Warner Losh
2021-04-14 18:35:48 UTC
Today, one can wire a PCI device like so:
hint.nvme.3.at="pci0:7:0:0"
to wire an instance to a unit number. This works well when you have a
relatively static configuration.
However, if you have a number of carrier cards that have a bunch of
storage, then you have a situation where you are wiring things like so:
hint.nvme.0.at="pci0:29:0:0" # card 0 in carrier 1
hint.nvme.4.at="pci0:30:0:0" # card 1 in carrier 1
hint.nvme.2.at="pci0:31:0:0" # card 2 in carrier 1
hint.nvme.3.at="pci0:32:0:0" # card 3 in carrier 1
hint.nvme.1.at="pci0:185:0:0" # card 0 in carrier 2
hint.nvme.5.at="pci0:186:0:0" # card 1 in carrier 2
hint.nvme.6.at="pci0:187:0:0" # card 2 in carrier 2
hint.nvme.7.at="pci0:188:0:0" # card 3 in carrier 2
where the bus numbers are stable from boot to boot... unless one of the
carrier cards isn't present, in which case the numbers change a bit, which
moves the nvme unit numbers around.
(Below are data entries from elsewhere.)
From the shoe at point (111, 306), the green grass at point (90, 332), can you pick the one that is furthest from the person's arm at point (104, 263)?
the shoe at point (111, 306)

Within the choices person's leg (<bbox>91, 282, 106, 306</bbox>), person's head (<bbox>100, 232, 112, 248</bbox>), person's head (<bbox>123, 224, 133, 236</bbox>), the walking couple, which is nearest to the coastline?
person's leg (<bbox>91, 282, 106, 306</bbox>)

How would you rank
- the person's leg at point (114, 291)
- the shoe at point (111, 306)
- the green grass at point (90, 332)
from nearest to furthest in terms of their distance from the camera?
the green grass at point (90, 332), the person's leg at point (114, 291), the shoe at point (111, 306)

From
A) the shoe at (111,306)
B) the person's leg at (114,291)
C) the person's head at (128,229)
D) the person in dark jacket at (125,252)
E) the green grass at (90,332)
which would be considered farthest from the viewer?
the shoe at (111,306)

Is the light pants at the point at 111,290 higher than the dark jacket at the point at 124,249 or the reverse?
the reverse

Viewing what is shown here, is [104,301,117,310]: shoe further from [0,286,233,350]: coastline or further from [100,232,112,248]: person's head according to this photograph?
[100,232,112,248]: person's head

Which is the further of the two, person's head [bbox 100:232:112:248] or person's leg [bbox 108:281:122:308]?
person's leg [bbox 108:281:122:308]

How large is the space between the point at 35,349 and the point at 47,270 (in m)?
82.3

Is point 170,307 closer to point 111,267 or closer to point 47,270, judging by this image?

So if carrier 1 goes away, the PCI bus
numbers on the second one may be 183, 184, 185, 186 so nvme1 becomes nvme8,
nvme5 becomes nvme9, nvme6 becomes nvme1 and nvme7 becomes nvme5. In our
application, this renumbering is undesirable. One might argue the
application shouldn't care about the numbering, but we have one that does
in a away that's tricky to remove that knowledge and dependency.
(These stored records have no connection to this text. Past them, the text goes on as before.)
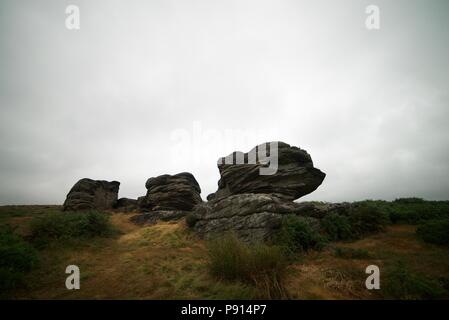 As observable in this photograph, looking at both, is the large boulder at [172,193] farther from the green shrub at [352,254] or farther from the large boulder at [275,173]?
the green shrub at [352,254]

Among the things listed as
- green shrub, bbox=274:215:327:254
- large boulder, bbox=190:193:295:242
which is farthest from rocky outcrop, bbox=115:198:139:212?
green shrub, bbox=274:215:327:254

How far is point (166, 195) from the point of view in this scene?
2167 centimetres

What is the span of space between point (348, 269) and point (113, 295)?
744cm

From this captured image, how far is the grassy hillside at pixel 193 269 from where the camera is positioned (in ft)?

Fortunately, UEFI has solved this problem with their device paths. UEFI
device paths are completely independent of PCI bus numbering, and other
items that are the arbitrary choice of the OS and/or the firmware booting
the system.
On a UEFI system, you might see paths more like the following for the above
devices:
PciRoot(0x1)/Pci(0x1,0x1)/Pci(0x0,0x0)
PciRoot(0x1)/Pci(0x1,0x1)/Pci(0x1,0x0)
PciRoot(0x1)/Pci(0x1,0x1)/Pci(0x2,0x0)
PciRoot(0x1)/Pci(0x1,0x1)/Pci(0x3,0x0)
PciRoot(0x2)/Pci(0x1,0x3)/Pci(0x0,0x0)/Pci(0x0,0x0)/Pci(0x0,0x0)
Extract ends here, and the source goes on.